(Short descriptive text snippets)

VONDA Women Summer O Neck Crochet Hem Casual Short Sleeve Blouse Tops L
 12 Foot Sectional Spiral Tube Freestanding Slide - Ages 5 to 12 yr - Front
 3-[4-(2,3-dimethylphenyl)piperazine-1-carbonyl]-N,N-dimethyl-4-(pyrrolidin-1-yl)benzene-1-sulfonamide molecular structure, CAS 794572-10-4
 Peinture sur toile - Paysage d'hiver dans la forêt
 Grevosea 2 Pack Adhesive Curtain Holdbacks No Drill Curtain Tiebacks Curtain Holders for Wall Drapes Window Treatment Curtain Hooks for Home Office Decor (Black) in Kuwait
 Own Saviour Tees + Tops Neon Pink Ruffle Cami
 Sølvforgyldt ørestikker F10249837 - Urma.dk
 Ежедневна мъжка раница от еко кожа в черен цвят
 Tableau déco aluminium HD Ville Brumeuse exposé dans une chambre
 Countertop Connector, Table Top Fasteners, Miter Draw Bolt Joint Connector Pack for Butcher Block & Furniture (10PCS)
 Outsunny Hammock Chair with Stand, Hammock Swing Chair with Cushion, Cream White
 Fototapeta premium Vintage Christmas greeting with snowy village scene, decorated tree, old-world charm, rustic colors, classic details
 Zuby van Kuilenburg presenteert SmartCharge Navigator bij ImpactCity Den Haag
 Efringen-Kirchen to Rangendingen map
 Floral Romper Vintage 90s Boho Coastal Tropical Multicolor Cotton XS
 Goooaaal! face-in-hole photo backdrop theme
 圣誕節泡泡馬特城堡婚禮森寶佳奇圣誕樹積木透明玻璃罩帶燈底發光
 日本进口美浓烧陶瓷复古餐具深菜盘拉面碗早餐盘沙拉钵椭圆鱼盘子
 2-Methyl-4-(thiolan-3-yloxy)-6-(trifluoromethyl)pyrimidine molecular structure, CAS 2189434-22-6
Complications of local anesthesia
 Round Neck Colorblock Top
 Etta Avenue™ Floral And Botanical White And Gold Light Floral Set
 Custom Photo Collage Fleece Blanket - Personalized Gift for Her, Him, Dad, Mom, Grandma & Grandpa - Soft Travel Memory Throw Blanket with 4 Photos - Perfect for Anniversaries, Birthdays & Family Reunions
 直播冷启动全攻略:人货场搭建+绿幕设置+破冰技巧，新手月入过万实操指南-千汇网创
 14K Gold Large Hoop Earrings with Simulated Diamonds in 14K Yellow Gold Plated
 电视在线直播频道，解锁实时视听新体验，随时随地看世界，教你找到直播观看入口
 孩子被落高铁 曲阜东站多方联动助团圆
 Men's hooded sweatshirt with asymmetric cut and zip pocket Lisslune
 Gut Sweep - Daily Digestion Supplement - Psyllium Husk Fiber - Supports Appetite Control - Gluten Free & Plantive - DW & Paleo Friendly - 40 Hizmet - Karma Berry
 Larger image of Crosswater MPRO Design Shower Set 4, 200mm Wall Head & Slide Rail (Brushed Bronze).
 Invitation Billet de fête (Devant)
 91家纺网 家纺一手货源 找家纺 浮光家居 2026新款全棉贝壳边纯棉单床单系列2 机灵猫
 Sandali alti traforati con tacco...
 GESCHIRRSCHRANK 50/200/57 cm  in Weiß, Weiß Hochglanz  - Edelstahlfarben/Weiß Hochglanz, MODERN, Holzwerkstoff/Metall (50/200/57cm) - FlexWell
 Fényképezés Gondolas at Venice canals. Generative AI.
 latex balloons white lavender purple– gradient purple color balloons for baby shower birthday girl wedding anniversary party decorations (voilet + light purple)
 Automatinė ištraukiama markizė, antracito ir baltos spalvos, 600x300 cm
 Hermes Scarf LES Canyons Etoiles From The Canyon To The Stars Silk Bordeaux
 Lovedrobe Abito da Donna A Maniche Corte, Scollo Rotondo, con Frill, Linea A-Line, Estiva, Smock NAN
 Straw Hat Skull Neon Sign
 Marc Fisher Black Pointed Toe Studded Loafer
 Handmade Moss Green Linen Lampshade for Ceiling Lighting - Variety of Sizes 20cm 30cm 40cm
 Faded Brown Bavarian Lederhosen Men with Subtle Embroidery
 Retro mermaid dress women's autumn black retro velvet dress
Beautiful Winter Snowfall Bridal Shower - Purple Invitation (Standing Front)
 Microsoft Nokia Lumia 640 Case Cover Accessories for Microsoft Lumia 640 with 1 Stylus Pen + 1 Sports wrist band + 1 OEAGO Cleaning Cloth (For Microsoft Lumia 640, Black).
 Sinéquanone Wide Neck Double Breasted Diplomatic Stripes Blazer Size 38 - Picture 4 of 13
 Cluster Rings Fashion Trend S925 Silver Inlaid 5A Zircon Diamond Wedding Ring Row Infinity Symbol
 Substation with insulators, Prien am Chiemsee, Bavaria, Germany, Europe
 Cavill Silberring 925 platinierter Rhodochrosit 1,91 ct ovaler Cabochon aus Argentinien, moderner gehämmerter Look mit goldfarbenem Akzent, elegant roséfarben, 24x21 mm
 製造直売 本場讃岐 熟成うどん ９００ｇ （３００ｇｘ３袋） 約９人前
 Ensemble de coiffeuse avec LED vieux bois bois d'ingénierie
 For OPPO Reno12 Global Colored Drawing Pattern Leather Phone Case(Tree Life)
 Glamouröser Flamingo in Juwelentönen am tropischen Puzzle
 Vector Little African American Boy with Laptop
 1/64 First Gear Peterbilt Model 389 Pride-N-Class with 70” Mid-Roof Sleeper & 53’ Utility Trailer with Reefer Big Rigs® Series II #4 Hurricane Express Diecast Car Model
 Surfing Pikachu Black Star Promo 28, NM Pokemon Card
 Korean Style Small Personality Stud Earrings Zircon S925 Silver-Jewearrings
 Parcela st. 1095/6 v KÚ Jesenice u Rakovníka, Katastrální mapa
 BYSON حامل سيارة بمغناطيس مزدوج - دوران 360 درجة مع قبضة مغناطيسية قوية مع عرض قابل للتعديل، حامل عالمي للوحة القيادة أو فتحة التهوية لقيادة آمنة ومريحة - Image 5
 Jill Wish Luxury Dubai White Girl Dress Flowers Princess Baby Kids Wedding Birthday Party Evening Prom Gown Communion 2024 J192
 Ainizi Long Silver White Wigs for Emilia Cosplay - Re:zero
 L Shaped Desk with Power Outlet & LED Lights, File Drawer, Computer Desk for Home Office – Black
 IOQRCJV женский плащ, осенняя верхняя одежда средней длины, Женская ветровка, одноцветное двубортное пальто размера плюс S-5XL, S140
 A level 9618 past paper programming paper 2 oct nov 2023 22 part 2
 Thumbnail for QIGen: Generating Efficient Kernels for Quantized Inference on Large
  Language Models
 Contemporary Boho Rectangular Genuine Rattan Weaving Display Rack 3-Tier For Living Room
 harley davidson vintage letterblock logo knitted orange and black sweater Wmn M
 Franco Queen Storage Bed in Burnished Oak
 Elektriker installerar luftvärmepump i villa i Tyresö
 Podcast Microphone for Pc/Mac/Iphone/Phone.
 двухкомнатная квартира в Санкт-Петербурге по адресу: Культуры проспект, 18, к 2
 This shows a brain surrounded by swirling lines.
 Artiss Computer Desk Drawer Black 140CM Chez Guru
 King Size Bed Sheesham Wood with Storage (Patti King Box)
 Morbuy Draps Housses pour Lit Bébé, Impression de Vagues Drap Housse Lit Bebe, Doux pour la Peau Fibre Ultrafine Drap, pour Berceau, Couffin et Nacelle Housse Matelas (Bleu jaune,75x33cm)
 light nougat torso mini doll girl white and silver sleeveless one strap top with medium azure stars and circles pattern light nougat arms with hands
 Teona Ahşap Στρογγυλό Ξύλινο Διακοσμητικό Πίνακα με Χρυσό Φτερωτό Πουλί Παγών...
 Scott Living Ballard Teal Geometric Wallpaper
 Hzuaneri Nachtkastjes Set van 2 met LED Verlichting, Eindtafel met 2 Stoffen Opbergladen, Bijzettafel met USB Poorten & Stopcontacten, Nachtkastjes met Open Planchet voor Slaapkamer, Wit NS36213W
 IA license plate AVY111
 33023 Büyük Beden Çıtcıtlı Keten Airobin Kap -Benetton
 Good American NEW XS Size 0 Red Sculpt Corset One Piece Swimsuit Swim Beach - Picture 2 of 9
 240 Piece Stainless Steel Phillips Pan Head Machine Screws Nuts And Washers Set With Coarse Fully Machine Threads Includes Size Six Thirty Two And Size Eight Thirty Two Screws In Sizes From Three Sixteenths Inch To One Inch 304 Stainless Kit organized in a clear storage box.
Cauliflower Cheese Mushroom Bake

TASK ITEM
Print, please, the lines above from the very first through the one that holds "Outsunny Hammock Chair", both included, word for word and with nothing else.

OUTPUT
VONDA Women Summer O Neck Crochet Hem Casual Short Sleeve Blouse Tops L
 12 Foot Sectional Spiral Tube Freestanding Slide - Ages 5 to 12 yr - Front
 3-[4-(2,3-dimethylphenyl)piperazine-1-carbonyl]-N,N-dimethyl-4-(pyrrolidin-1-yl)benzene-1-sulfonamide molecular structure, CAS 794572-10-4
 Peinture sur toile - Paysage d'hiver dans la forêt
 Grevosea 2 Pack Adhesive Curtain Holdbacks No Drill Curtain Tiebacks Curtain Holders for Wall Drapes Window Treatment Curtain Hooks for Home Office Decor (Black) in Kuwait
 Own Saviour Tees + Tops Neon Pink Ruffle Cami
 Sølvforgyldt ørestikker F10249837 - Urma.dk
 Ежедневна мъжка раница от еко кожа в черен цвят
 Tableau déco aluminium HD Ville Brumeuse exposé dans une chambre
 Countertop Connector, Table Top Fasteners, Miter Draw Bolt Joint Connector Pack for Butcher Block & Furniture (10PCS)
 Outsunny Hammock Chair with Stand, Hammock Swing Chair with Cushion, Cream White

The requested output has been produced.